O vidro era outra possível solução arquitetónica para fazer a ponte entre a paisagem e o edifício do museu e foram várias as propostas que seguiram a via da transparência. A proposta de JunyaIshigami era uma das mais aventuradas, pela forma como rodeava praticamente todo o jardim em corredores envidraçados, numa espécie de abraço (e, porventura, cerco) à natureza.

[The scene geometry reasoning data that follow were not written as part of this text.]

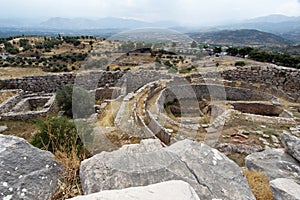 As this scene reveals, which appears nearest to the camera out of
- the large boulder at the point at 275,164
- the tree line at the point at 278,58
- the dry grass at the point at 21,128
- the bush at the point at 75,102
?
the large boulder at the point at 275,164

No sentido oposto, houve quem optasse pelo betão como elemento decisivo. De certo modo, eram as propostas que defendiam uma maior continuidade com a configuração atual da Gulbenkian. Entre essas, as propostas da firma "Menos é mais" e de Pedro Domingos destacavam-se por serem também as mais imediatamente reconhecíveis como possíveis ampliações da Gulbenkian como a conhecemos hoje. A primeira chega mesmo a propor uma ponte pedonal sobre um lago na vertente sul — uma ideia arrojada, que também pode ter parecido excessiva para o espaço, com consequências ao nível da acessibilidade. A proposta de Pedro Domingos apresenta uma enorme janela quadrada na fachada sul do museu e simula alguns enquadramentos interessantes do jardim quando visto a partir do interior, mas a escolha do betão liga estas propostas a uma estética cubista que os espaços verdes da Gulbenkian se encarregaram de ir gradualmente suavizando e apagando.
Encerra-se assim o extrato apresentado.